Ich habe alle 20 Leseproben der Longlist gelesen und mir erlaubt, mir dazu eine Meinung zu bilden. Wer will, kann das im folgenden lesen. Allerdings möchte ich dreierlei vorausschicken:

 

1 – wer es unmöglich findet, die Bücher von Verlagen zu kritisieren, sollte das hier nicht lesen

2 – alle Meinungen beruhen einzig auf der (manchmal sehr kurzen) Leseprobe, müssen also nicht unbedingt die Bücher richtig beschreiben.

3 – alles ist natürlich meine persönliche Meinung, wer ebenfalls Leseproben gelesen hat oder ganze Bücher oder anderer Meinung ist oder überhaupt was dazu sagen will, ist gerne dazu aufgefordert.

 

Was mir auffiel, dass nicht nur viele Tiere vorkamen, sondern noch mehr Kinder und Jugendliche in den 50er-70er Jahrzehnten, in der DDR und der BRD.

 

Dass es einige Bücher gab, die mich an James Woods „hysterischen Realismus“ erinnerten, zeigt, wie sehr mich „Die Kunst des Erzählens“ beschäftigt hat, trotz all meiner Kritik an einigen Dingen daran.

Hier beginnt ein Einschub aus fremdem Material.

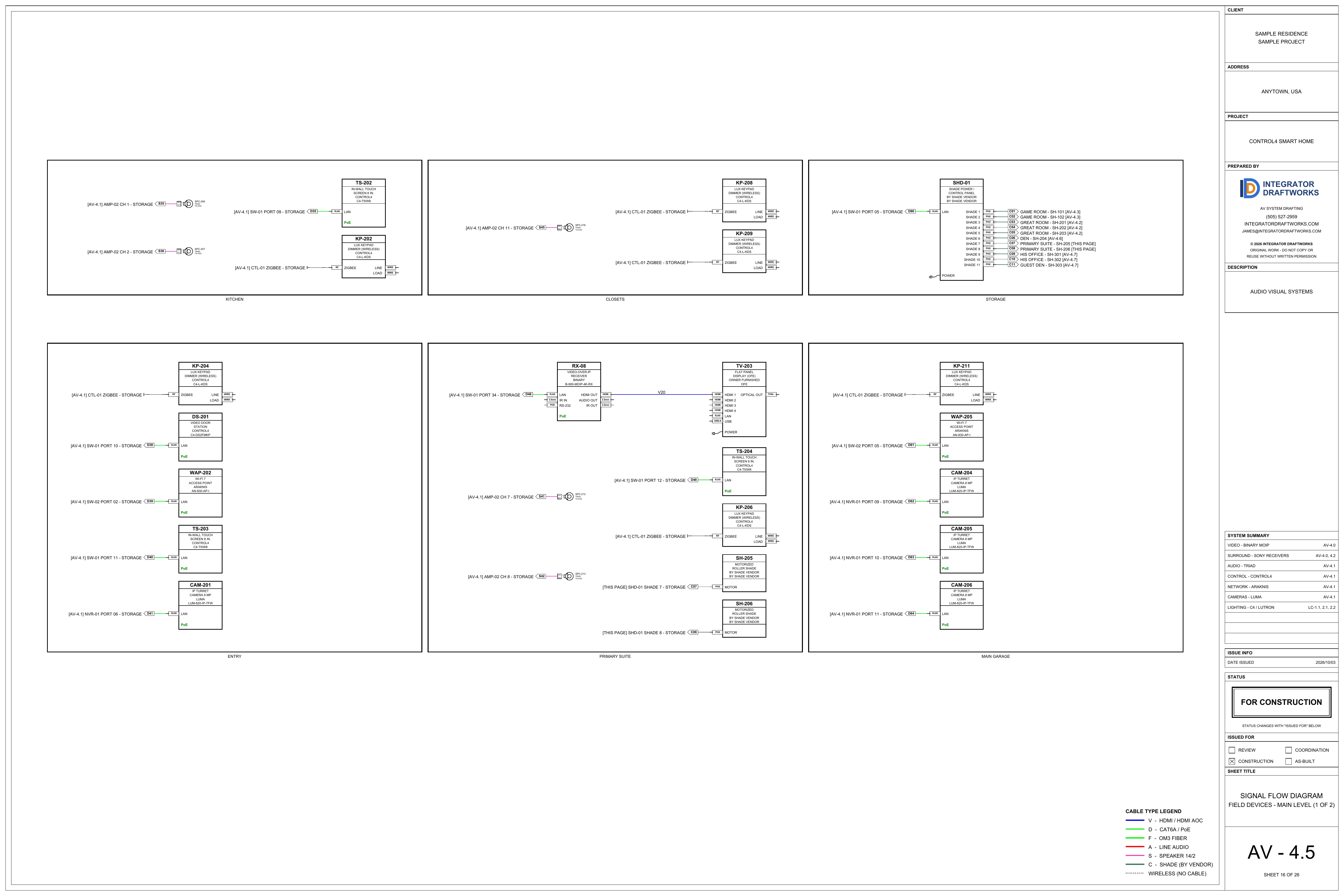 Sheet AV-4.5, signal flow, field devices, main level (1 of 2)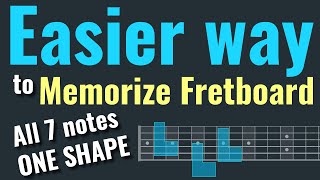 Learn and memorize the notes on the guitar fretboard [upl. by Good180]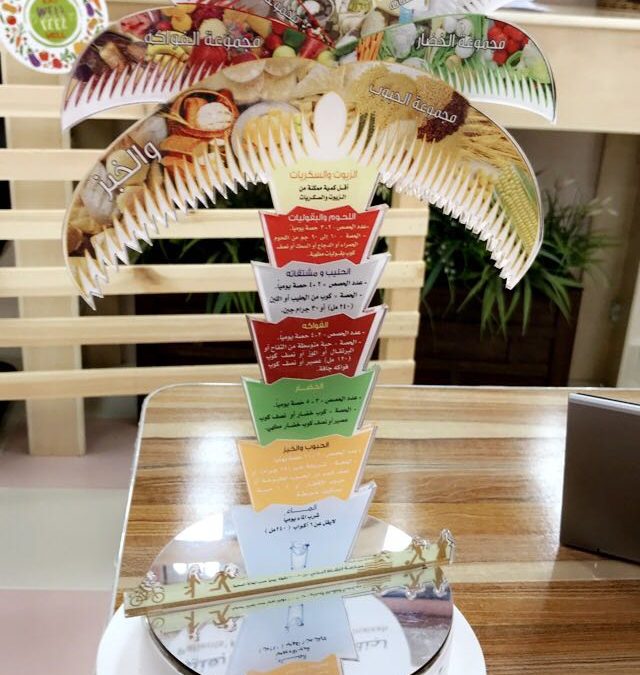 حياتي في غذائي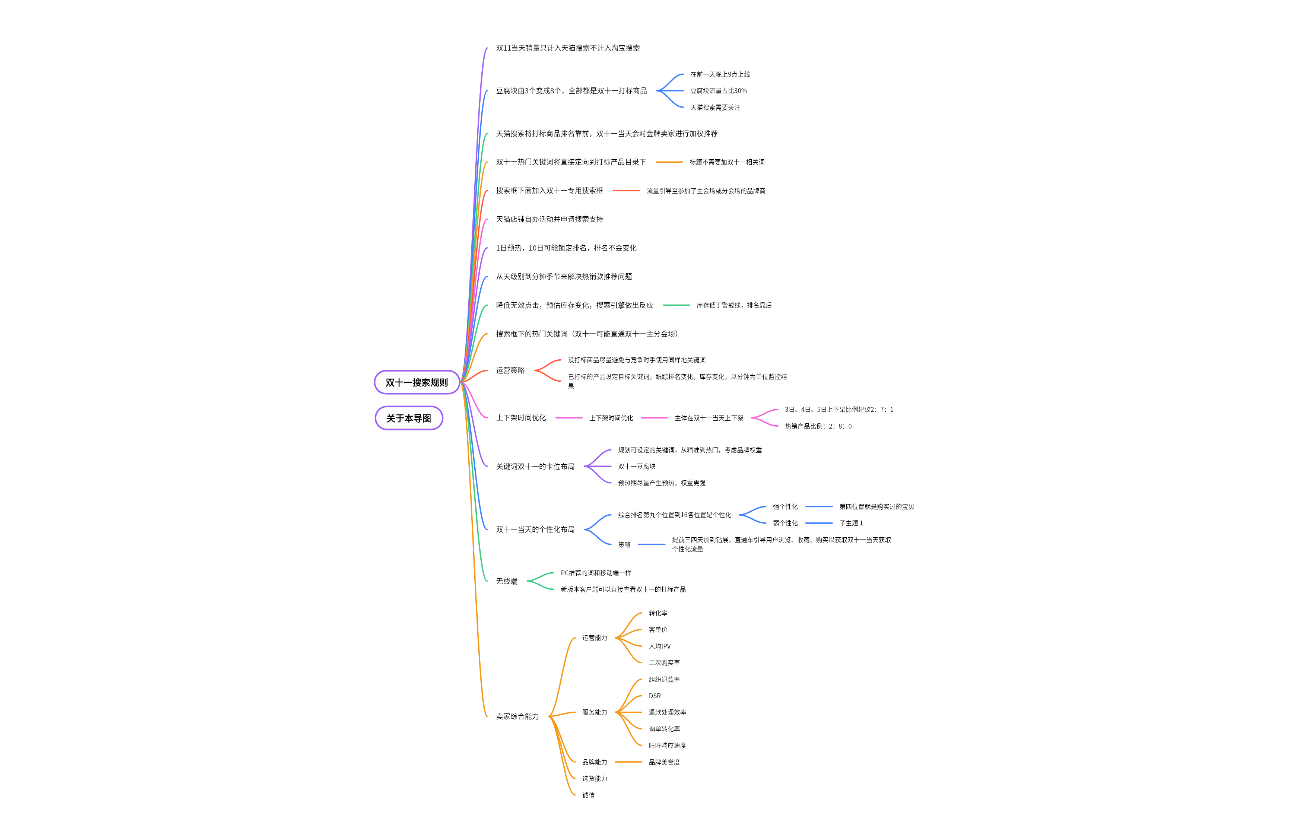 双十一搜索规则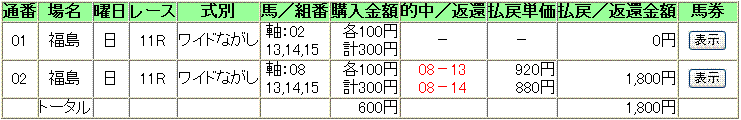 21.7.12福島11R第45回七夕賞(ＧＩＩＩ)
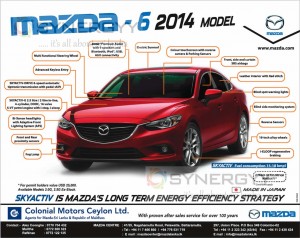 Mazda -6 Now Available for USD 25,000.00 for Permit Holders in Sri Lanka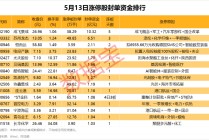 揭秘涨停丨这一板块掀起涨停潮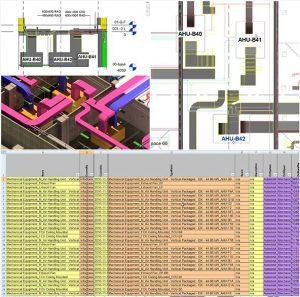  Best facility Management services in florida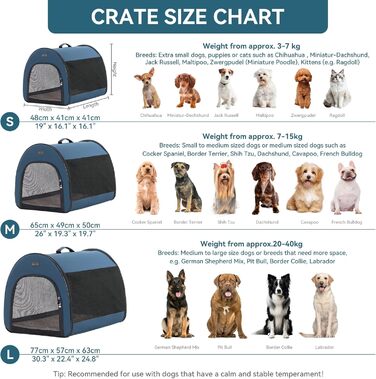 Складана переноска для собак Petfit для маленьких собак і котів, портативна та дихаюча переноска для дому з вигнутим дахом, переноска-ліжко для собак з анти-відкриваючим блискавкою та подушкою (Блакитний, S)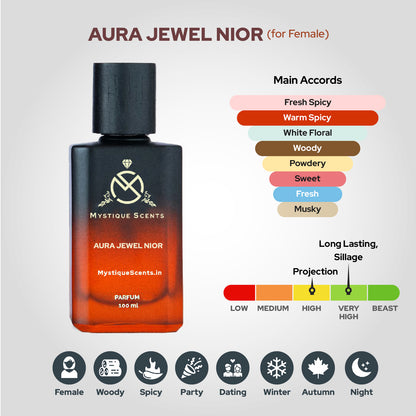 Aura Jewel Nior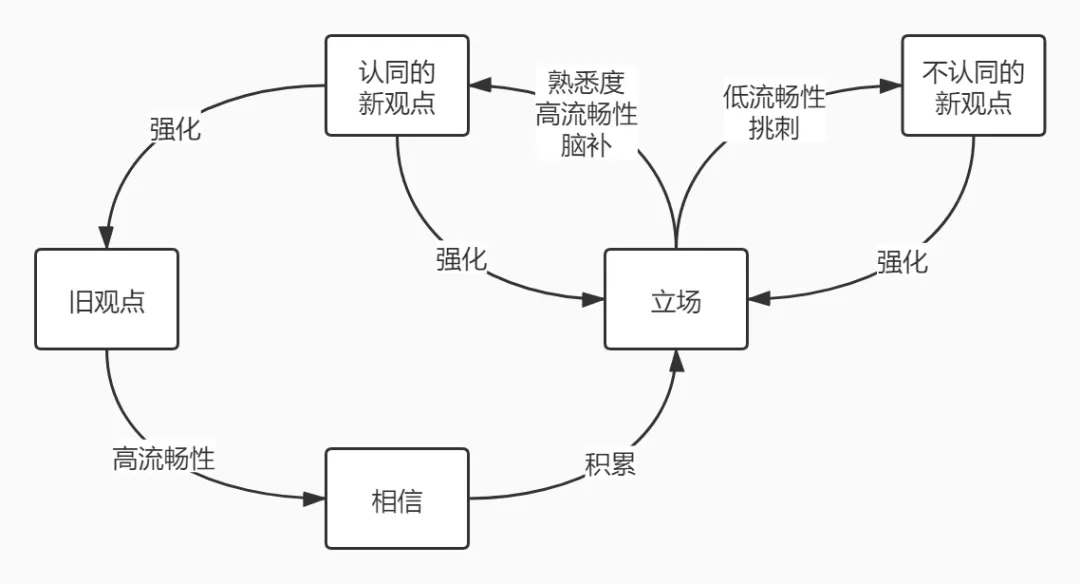 【思考】你是在思考，还是找认同？ - 图5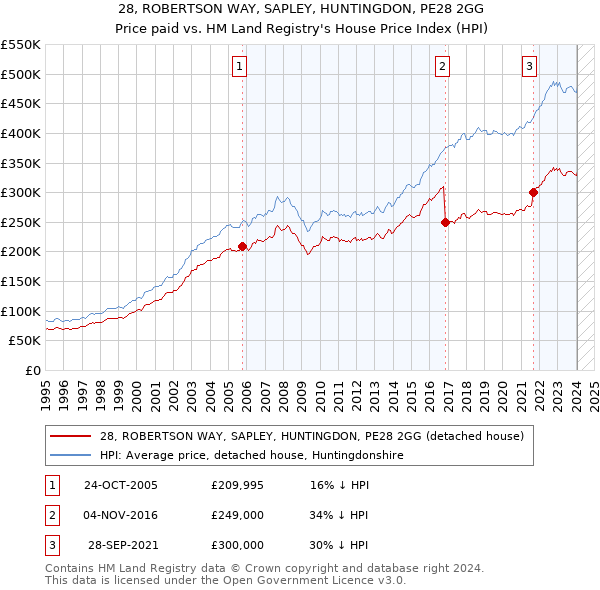 28, ROBERTSON WAY, SAPLEY, HUNTINGDON, PE28 2GG: Price paid vs HM Land Registry's House Price Index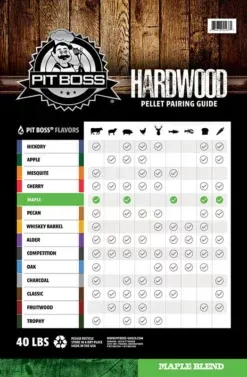 Alternative view of PIT BOSS 40 LB MAPLE BLEND HARDWOOD PELLETS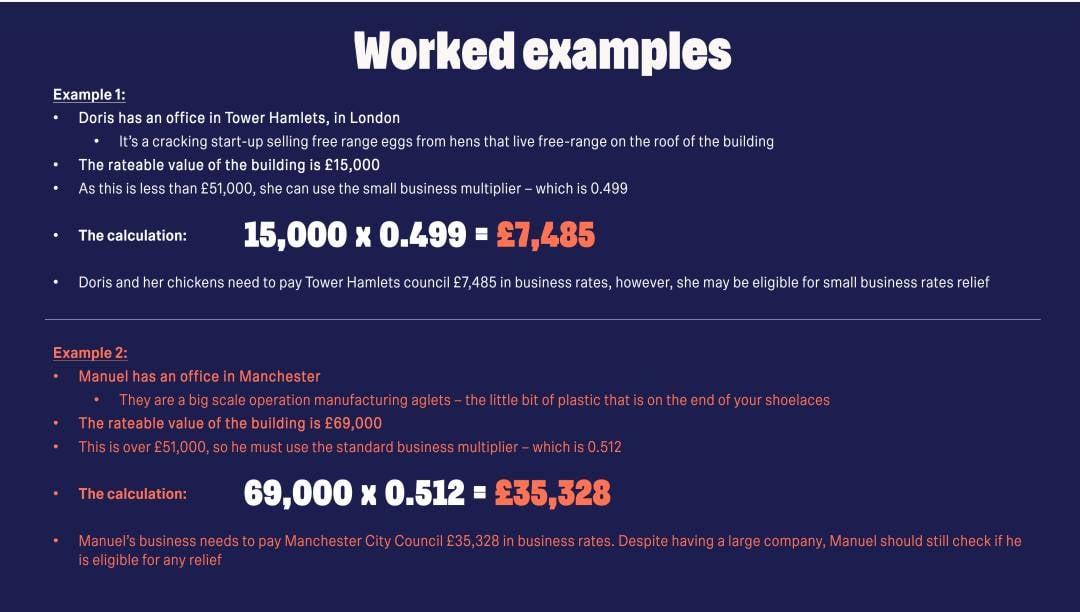 Worked Examples Of Business Rates Calculation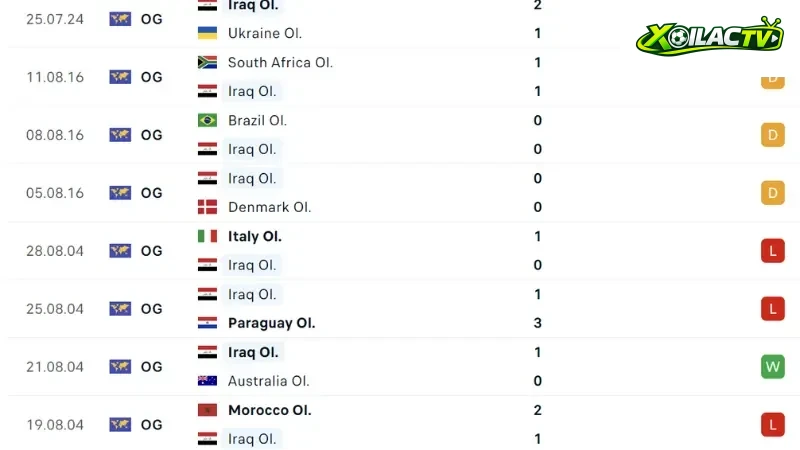 Argentina với Iraq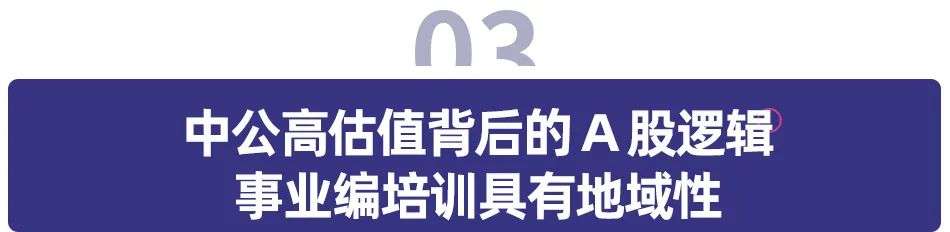 高光、白热、新机，职业教育的 2020 大棋局
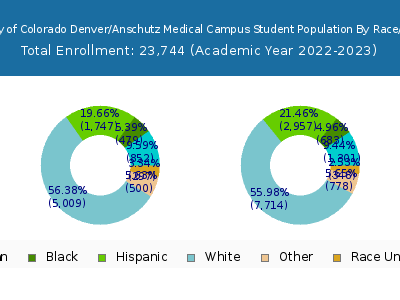 University of Colorado Denver/Anschutz Medical Campus 2023 Student Population by Gender and Race chart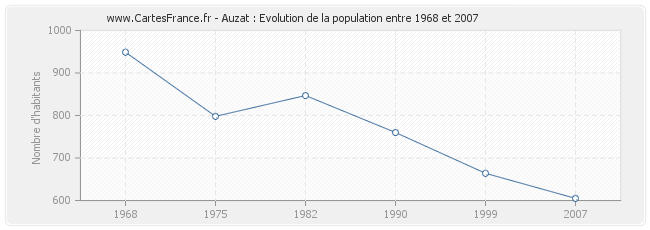 Population Auzat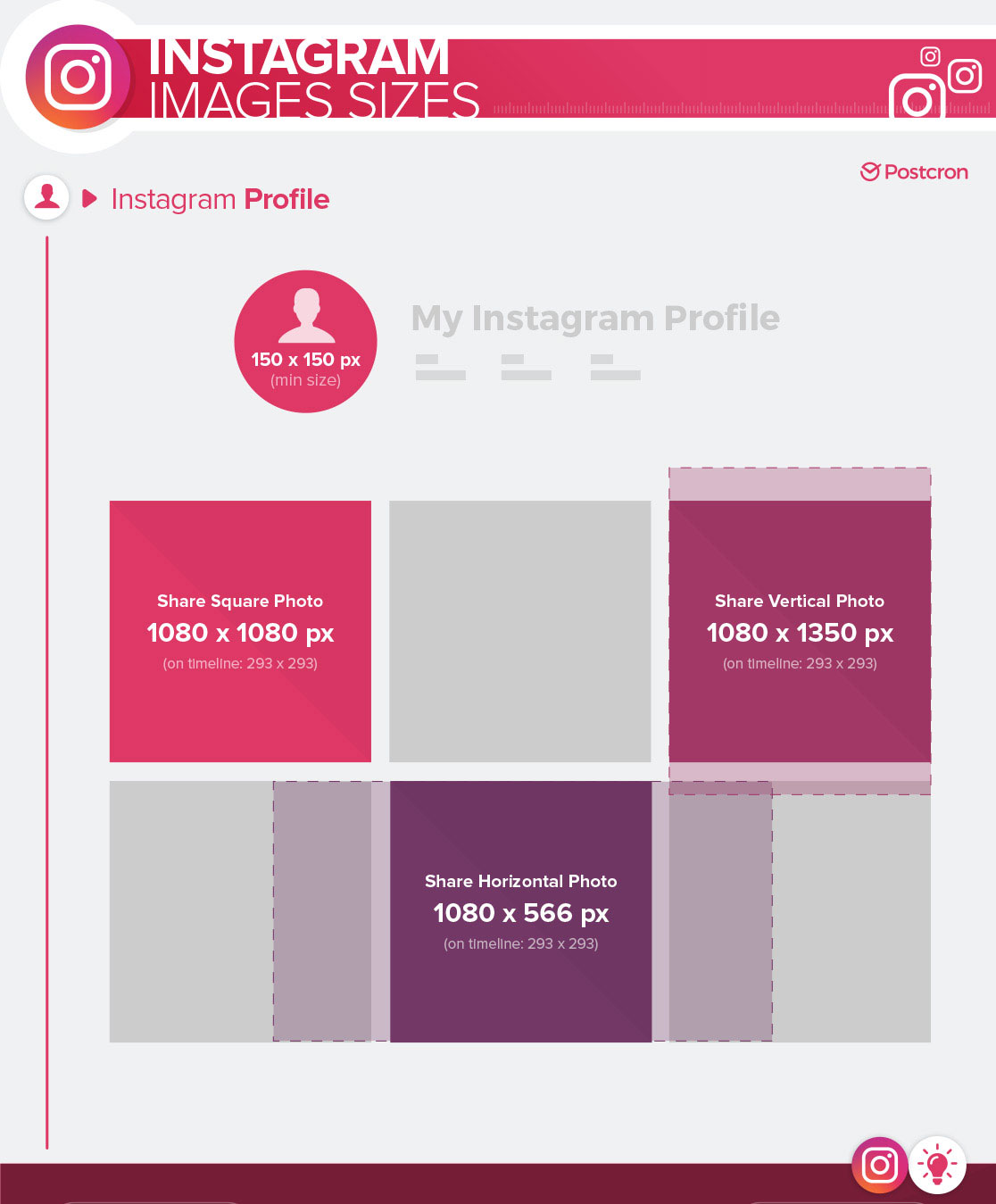Image Sizes and Image Dimensions for each Social Network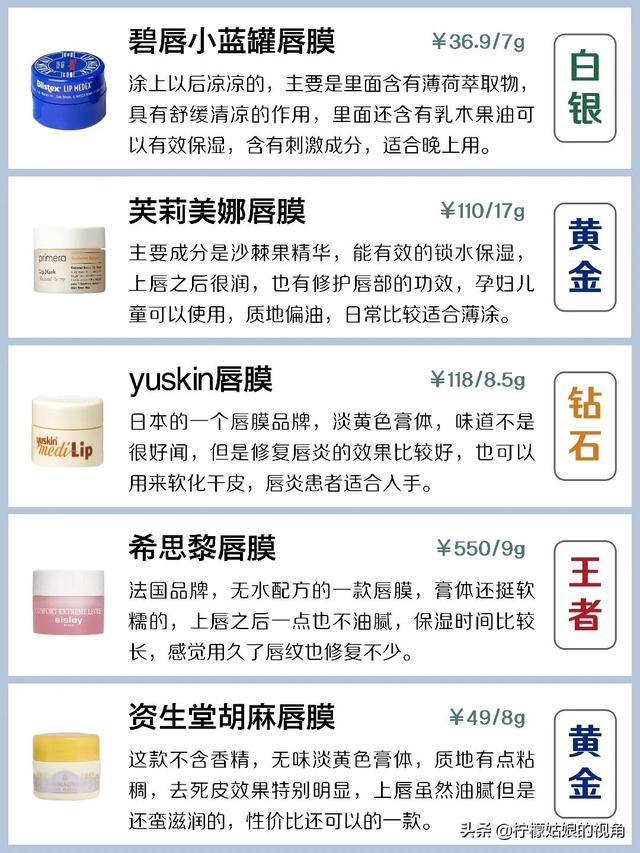 哪个牌子的润唇膏是让你回购五次以上的？插图85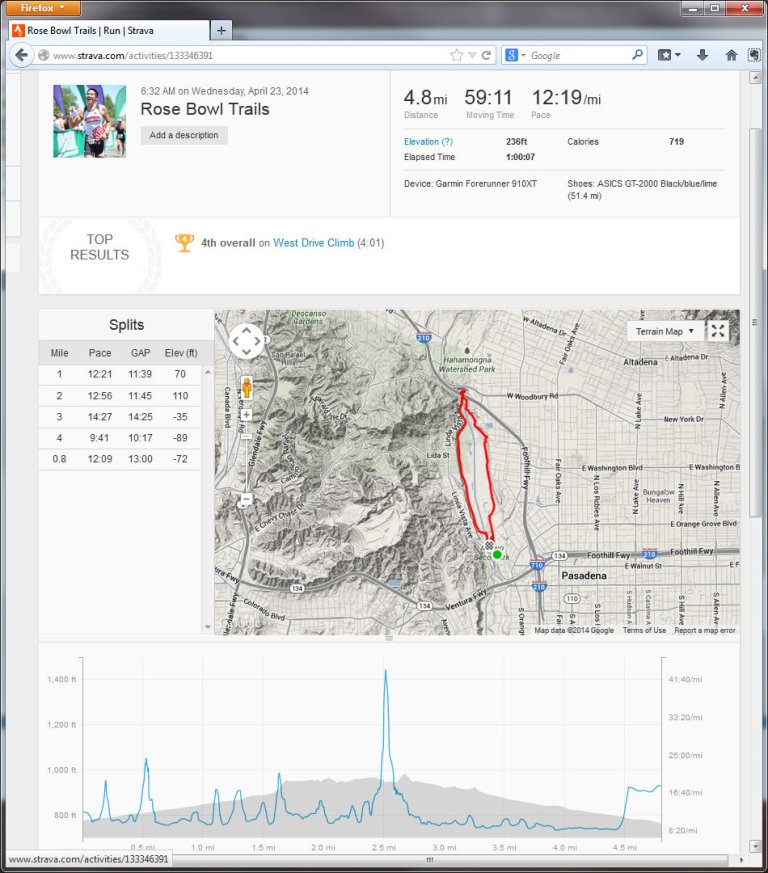 Rose Bowl Trails  Run  Strava - Mozilla Firefox 4232014 84412 AM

Bei einigen Büchern hatte ich den Eindruck, dass wirklich möglichst viele nicht zusammenhängende Eigenschaften auserzählt wurden, in der Hoffnung, daraus werde sich ein Bild ergeben. Oder mit sprödem Stil & etwas Manierismus die Personen verjagt wurden. Erstaunlich, was einem alles auffällt, wenn man erst mal nur Leseproben liest.

 

Die meisten Leseproben haben mich trotz aller Kritik durchaus interessiert. Ich habe sie nach dem Amazon Bewertungssystem mit 1- 5 Sternen bewertet, natürlich bezieht sich die Bewertung nur auf die Leseproben.

 

Volker Harry Altwasser: Letzte Fischer (Matthes & Seitz, September 2011) ***

Ein Fischer vor dem Horn von Afrika, Angst vor Piraten und Hoffen auf den Ankauf spezieller Seefledermäusen, einer Fischart mit ebenso giftigen wie teuren Häuten.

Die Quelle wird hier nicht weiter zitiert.